CFAP 2 payments topped $7.6 billion as of October 25th. The distribution breakdown at this point shows: $2.2 billion for corn, $1.7 billion for cattle, $832 million for soybeans, $793 million for sales commodities, $790.1 million for milk, $391.3 million for wheat, $377.9 million for hogs/pigs, $169.9 million for upland cotton and $17.8 million for eggs/boilers.
Looking at the payouts by state records show Iowa leads with $776.9 million, Nebraska $517.9 million, Minnesota $510.2 million and Illinois with $505.7 million round out the top 5. Payments for CFAP 1 stand at $10.3 billion. (USDA)
Implications of “green” energy and the Green New Deal for all aspects of the agriculture community are enormous and everyone should be well aware of the consequences our industry may face. The Agricultural Retailers Association (ARA) released a new study that examined what impacts the U.S. biofuels, agriculture industry and economy will encounter as the use of electric vehicles increases. Proposals to ban internal combustion engine vehicles by the year 2035 and 2050 serve as the economic models for the study and are used along with case studies provided by the U.S. Energy Information Administration’s Annual Energy Outlook. The study warns that the use of ethanol and biodiesel by light-duty and freight vehicles could diminish by up to 90% for ethanol and 61% for biodiesel. This would lead to drastic reductions in usage of both U.S. corn and soybean. Corn used for ethanol production would fall by 2.0 billion bushels and cut corn prices by 50% to $1.74 per bushel, soybean usage would fall by 470 million bushels causing prices to fall by 44% to $4.92 per bushel. This proposed ban would reduce U.S. net farm income by $27 billion devastating the agriculture community.
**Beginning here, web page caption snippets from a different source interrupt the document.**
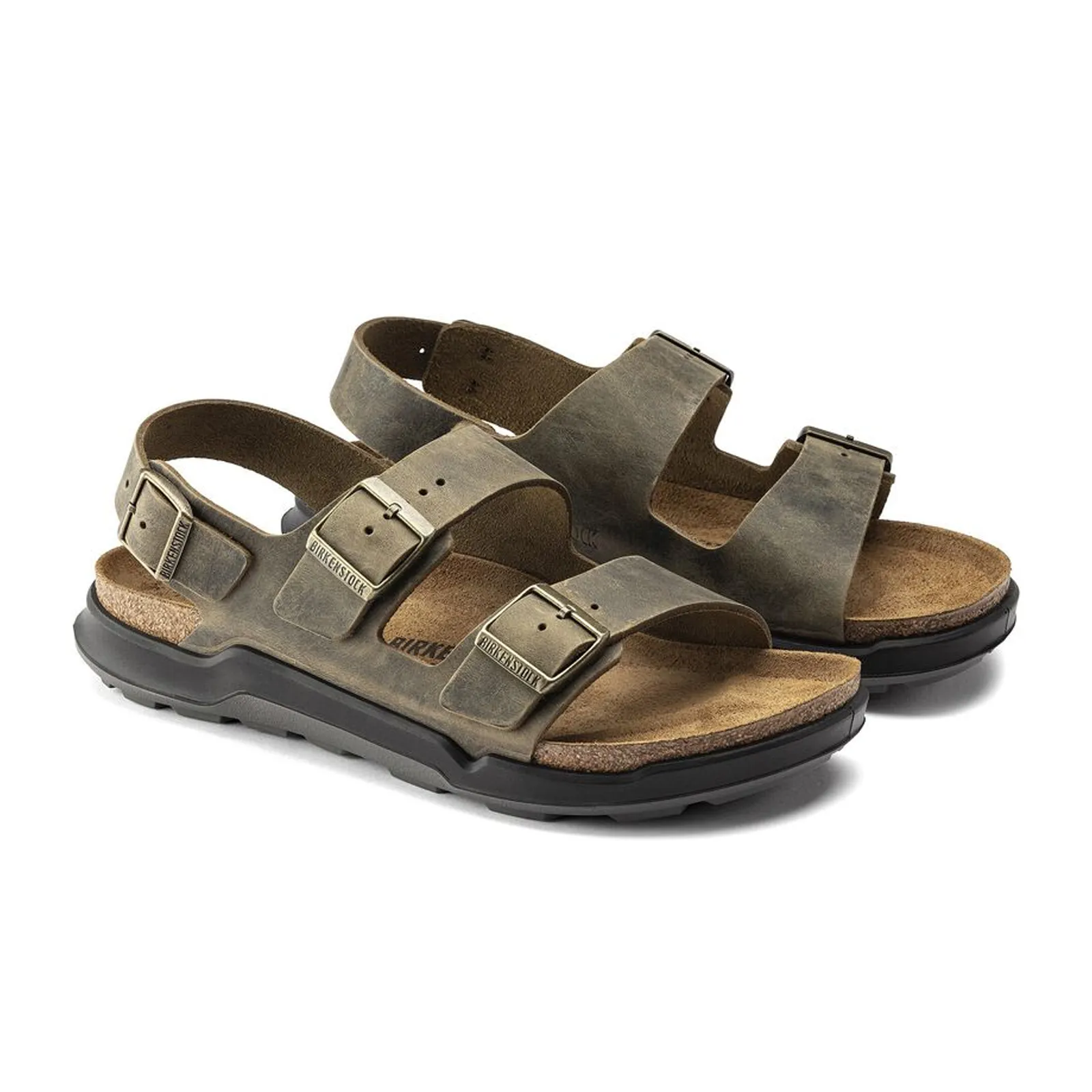 Birkenstock Milano Rugged Backstrap Sandal (Men) - Faded Khaki Oiled Leather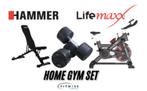 Home Gym Set | 3 Delig | Spinning Bike, Bankje en Dumbells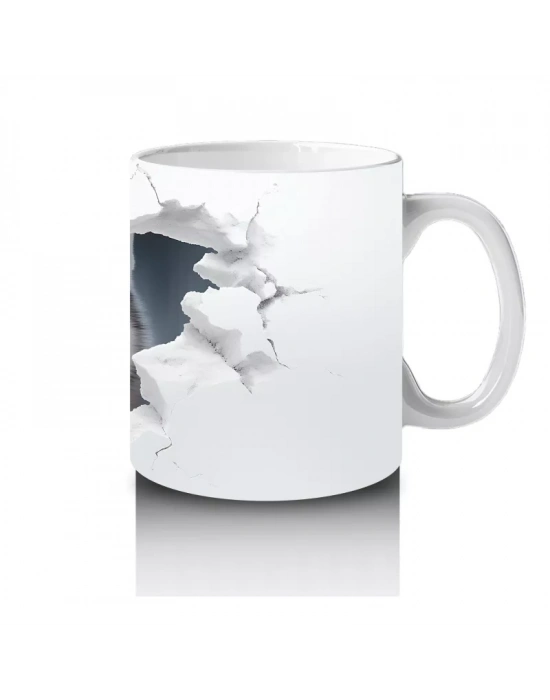 Duvarı Delen Beyaz Gözlü Kurt – Baskılı Kahve Kupası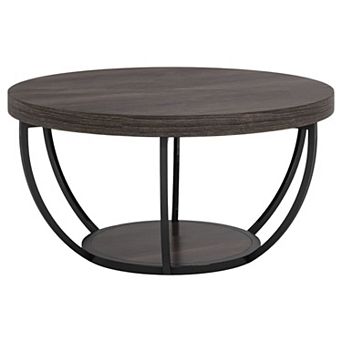 Round Coffee Table with Two Tier Storage Shelf and Metal Base for Living Room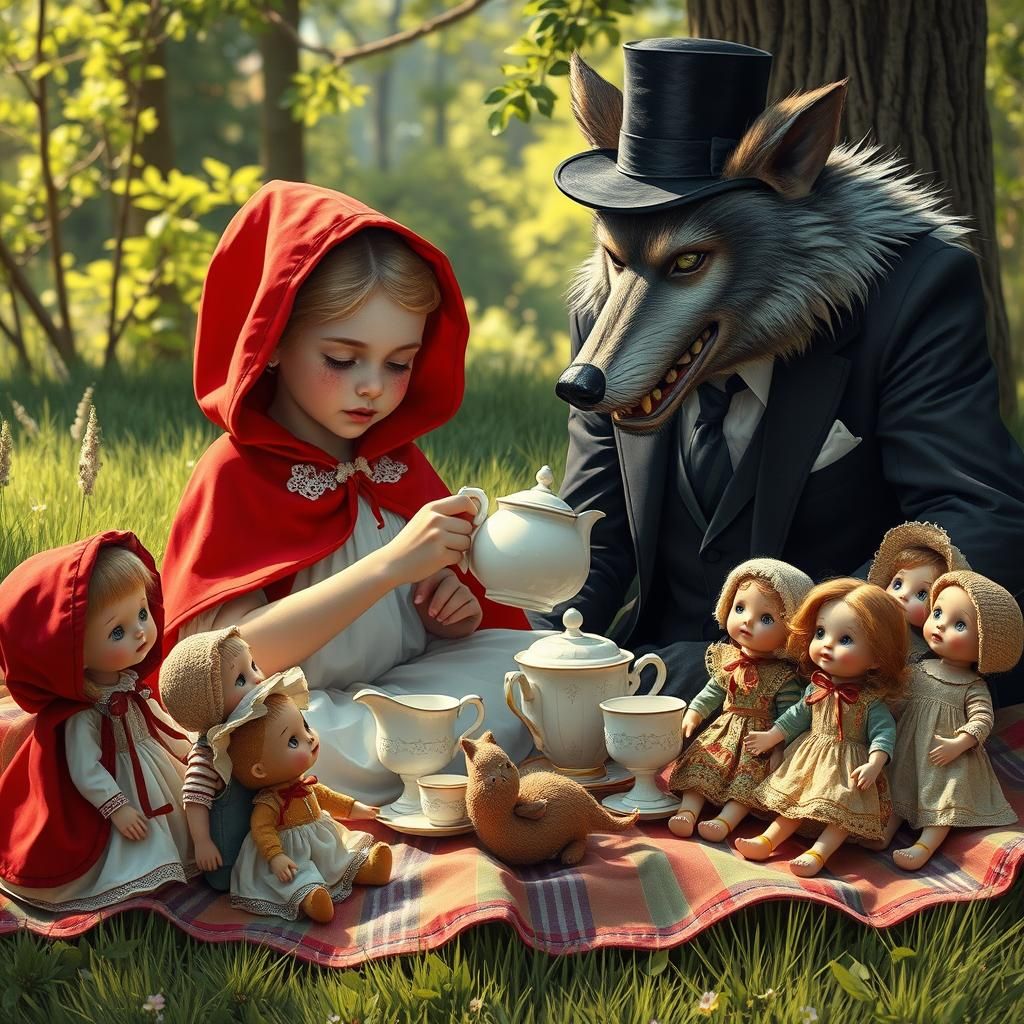 Little red Riding hood having a children's tea party with the big bad wolf (he is larger than her and scary looking, and...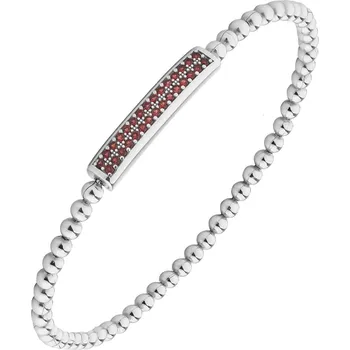 Náramek Stříbrný náramek s českým granátem, rhodiovaný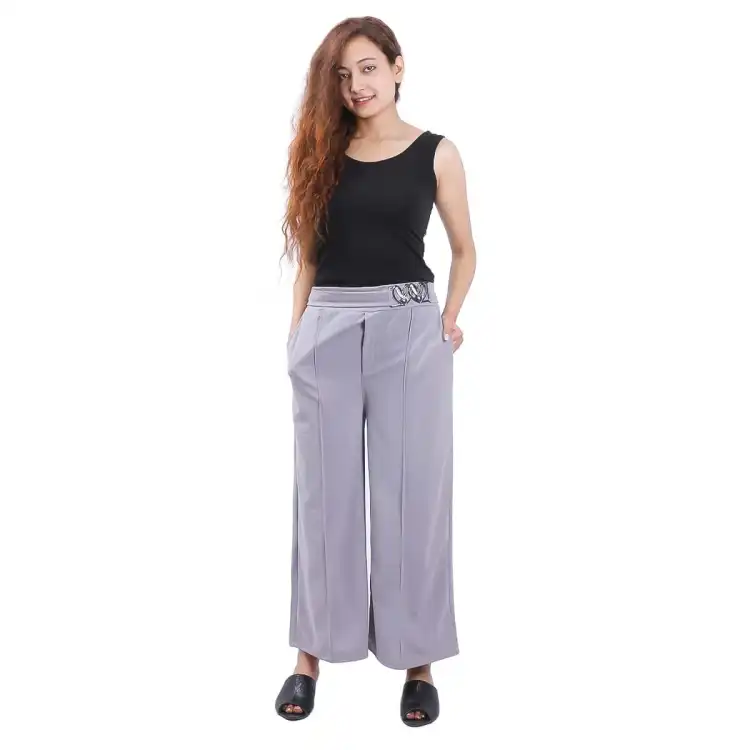 Grey Solid Wide Leg Belt Pant For Women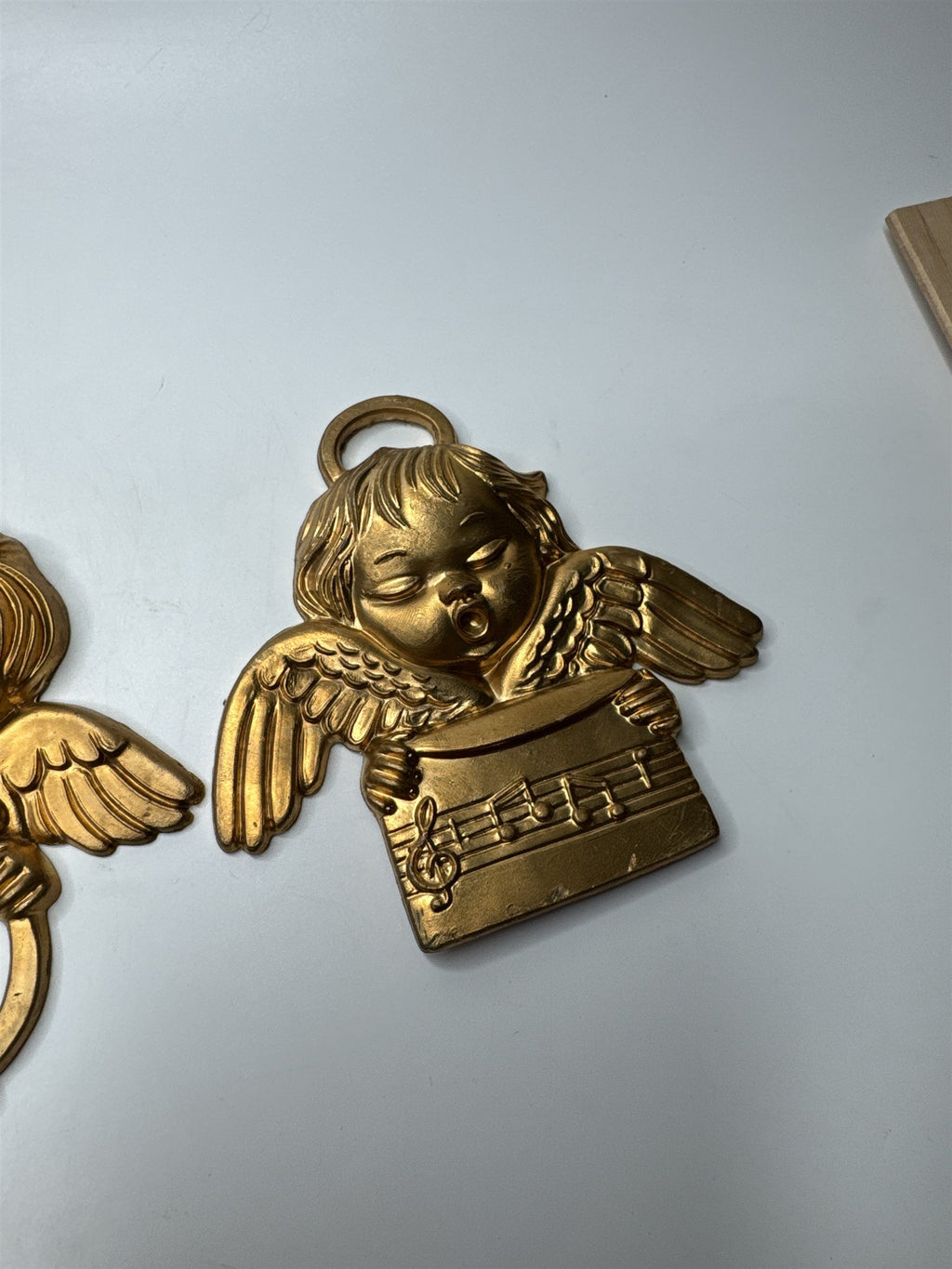 Vintage Set of 3 Hong Kong Angels Ornaments Plastic Gold Tone Christmas Kitsch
The faster the implementation of the ban the more severe the consequences and the impacts will resonate across the entire industry. Economic losses throughout the biofuels value chain range from $105 billion to $185 billion, federal, state and local tax revenue losses are expected to range from $39 to $69 billion through 2050.
The USDA program known as WHIP+ (Wildfire and Hurricane Indemnity Program) is accepting applications until October 30th for losses in 2018 and 2019. While the name of the program itself does not sound like something farmers in our part of the country would qualify for the title is misleading. WHIP+ is designed to compensate farmers for crop losses due to natural disasters which include drought and excessive moisture. If you have any questions regarding eligibility please call your Farm Service Agency, remember the application period expires October 30th. (Brownfield Ag)
Expected rainfall totals through Sunday are shown in the first map below.
The temp and precipitation outlooks for November 1st through November 5th show a return to normal temps across the Upper Midwest with drier than normal conditions predicted for a large percentage of the country.